| What is required |
Below are the entries. Print only the lines starting at the one with "1410 Chelmsford Square S, Columbus, OH 43229" and ending at the one with "13697 Burning Tree Lane, Plymouth, MI 48170", exactly, with no pictures.

| Data listing |
- - -
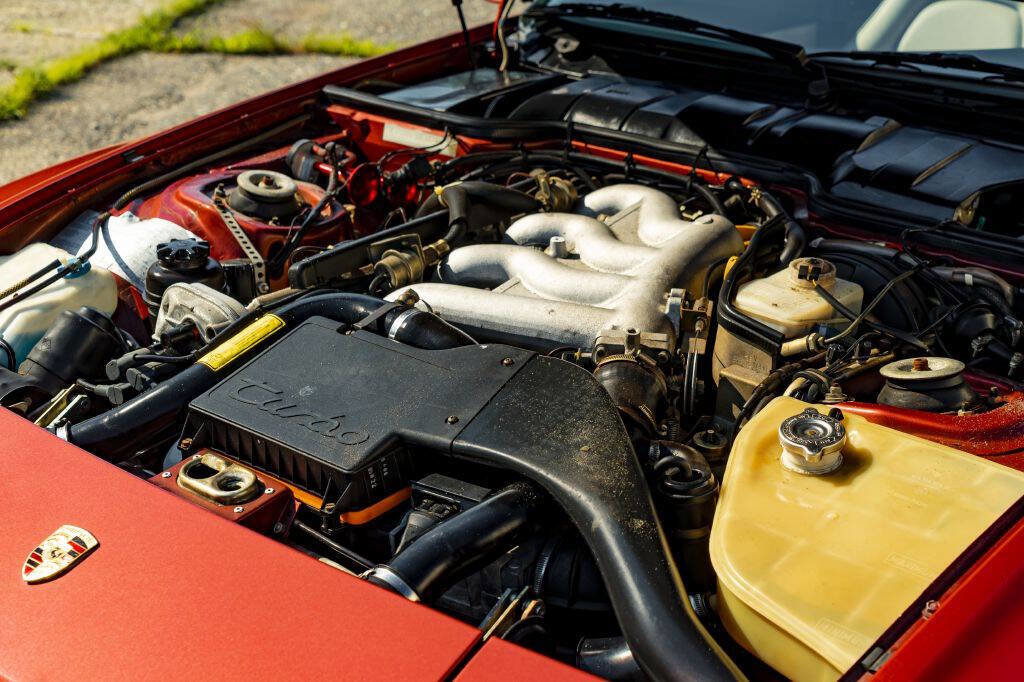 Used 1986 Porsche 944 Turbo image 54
- - -
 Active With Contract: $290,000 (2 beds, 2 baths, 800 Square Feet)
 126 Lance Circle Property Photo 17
- - -
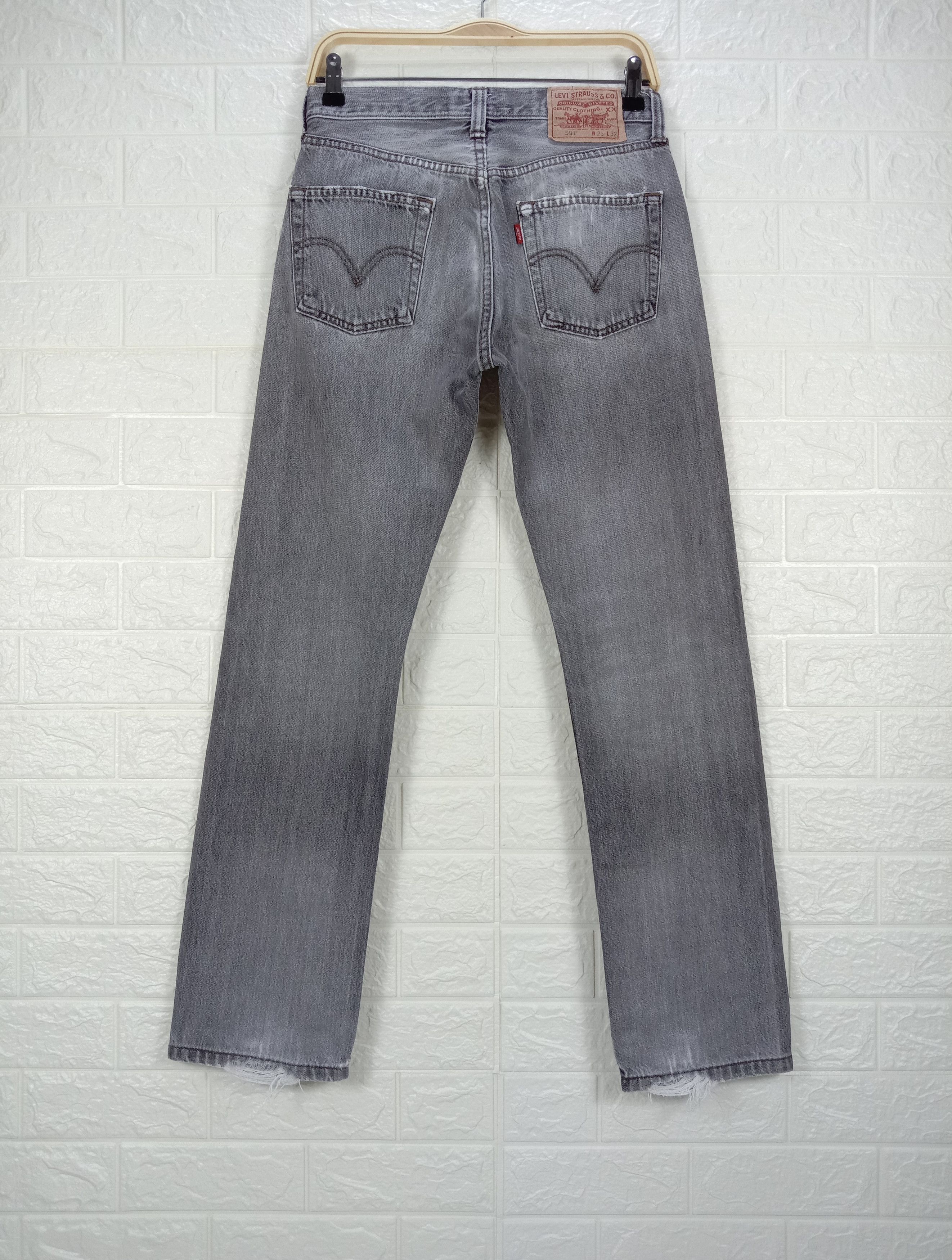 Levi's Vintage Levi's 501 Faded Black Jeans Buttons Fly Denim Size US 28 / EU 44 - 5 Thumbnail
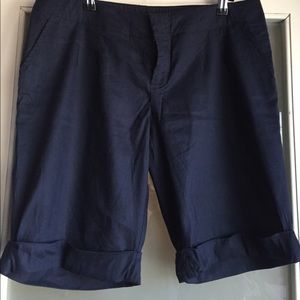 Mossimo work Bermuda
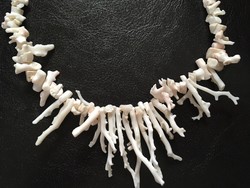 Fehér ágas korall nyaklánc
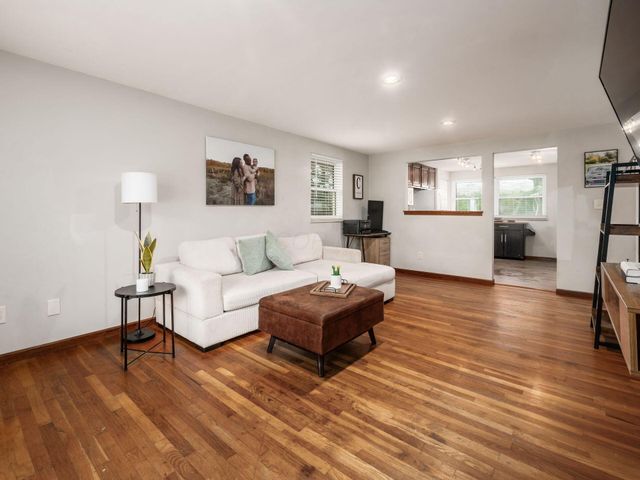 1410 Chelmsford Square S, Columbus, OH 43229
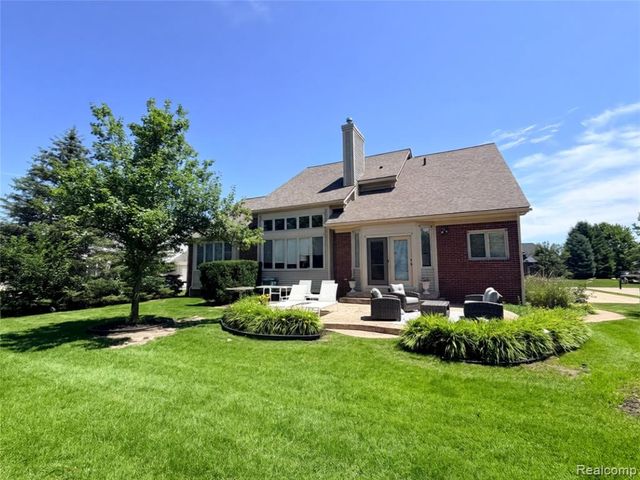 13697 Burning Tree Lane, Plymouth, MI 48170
- - -
| Task response |
 1410 Chelmsford Square S, Columbus, OH 43229
 13697 Burning Tree Lane, Plymouth, MI 48170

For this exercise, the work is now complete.